2. Взять под контроль ход расследования, так как у меня есть все основания предполагать, что авторы моего дела будут пытаться противодействовать честному пересмотру дела и прекращению моих мучений. Издевательства, причиненные мне отдельными карьеристами, не сломят во мне веру в Советское правосудие и преданности товарищу Сталину.

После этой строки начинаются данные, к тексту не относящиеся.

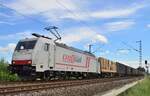 Bei Gubberath gen Rheydt fahrend ist die 185 579-0 von Crossrail samt einem Containerzug abgelichtet worden am 6.7.2014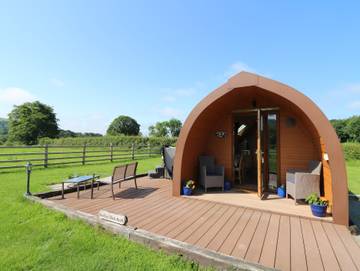 Cabane pour 2 personnes, avec jardin et jacuzzi dans Meurthe-et-Moselle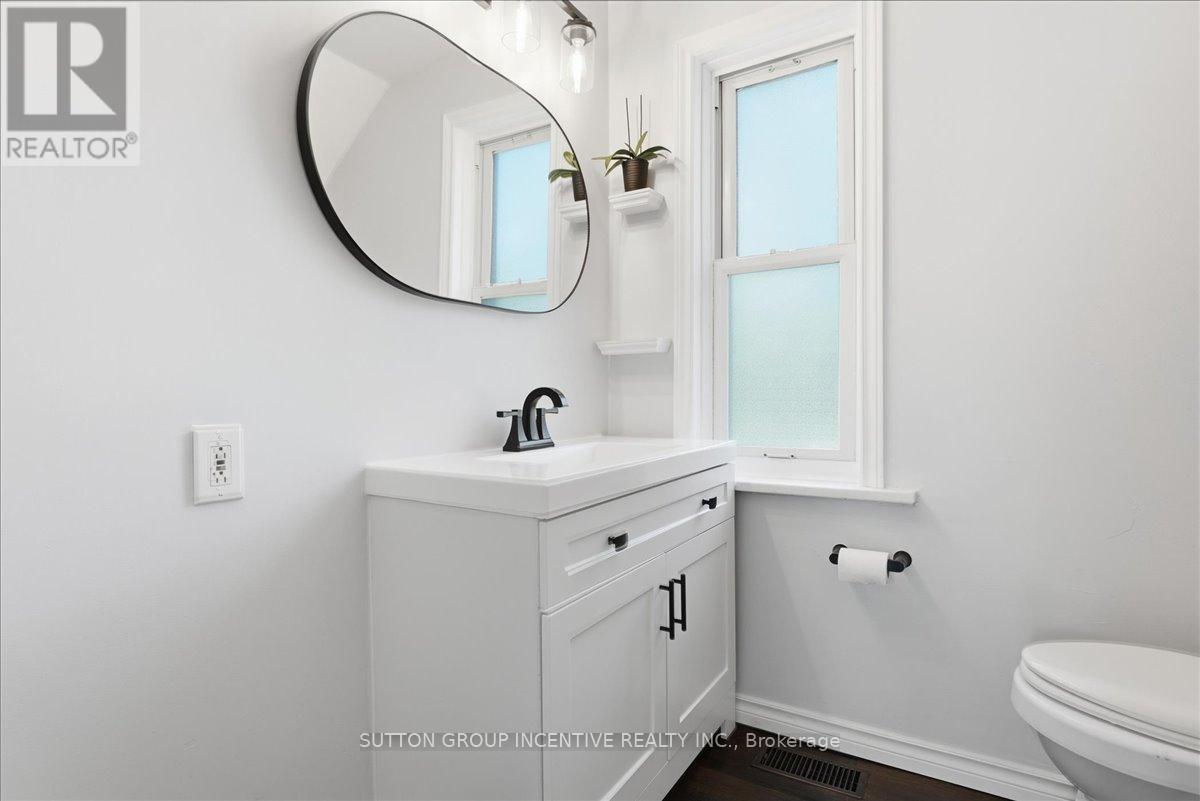 107 Park Street, Tay, Ontario  L0K 2A0 - Photo 17 - S13708006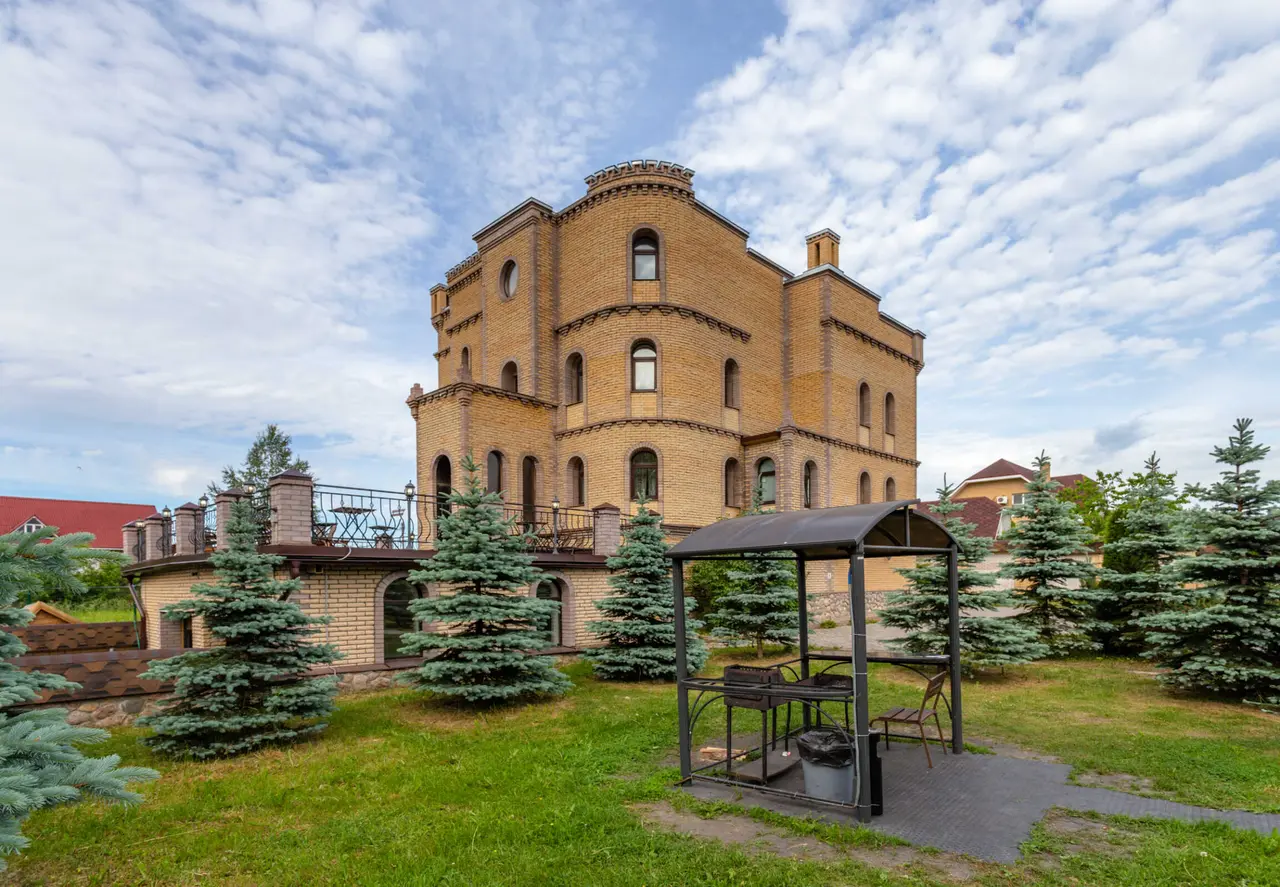 Ломоносов: Villa Zamok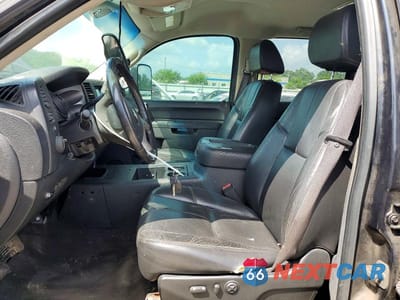 Zdjęcie 7 z 12 samochodu: 2010 CHEVROLET SILVERADO K2500 HEAVY DUTY LT VIN:1GC4KXB62AF120239 - miniatura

Когда Сталин умер и вся страна содрогалась от рыданий: кто-то притворно всхлипывал, но большинство плакало искренно, до истерики, с криками: "На кого же ты нас оставил, отец родной?!" - двадцатидвухлетний сияющий папа скакал по кровати так, что надрывно - вот-вот пружины вылезут - скрипел матрас, и, к ужасу Галины Николаевны, боявшейся шпионивших соседей, громко, ликующе кричал: "Сдох! Сдох! Сдо-о-ох!!!"
Из письма С. А. Ляндреса сыну 2 ноября 1953 года.
Дорогие мое родные! Юлианка и мамуля распрехорошие!
Поздравляю вас всех с праздником Октября! Пусть в этот день вам особенно ярко светит солнце. Мне же очень хочется хоть какой-нибудь музыки. О 4-й симфонии Чайковского и Реквиеме Моцарта могу только мечтать. И еще: положи у портрета Ильича, что у тебя на книжной полке, цветок или веточку зелени.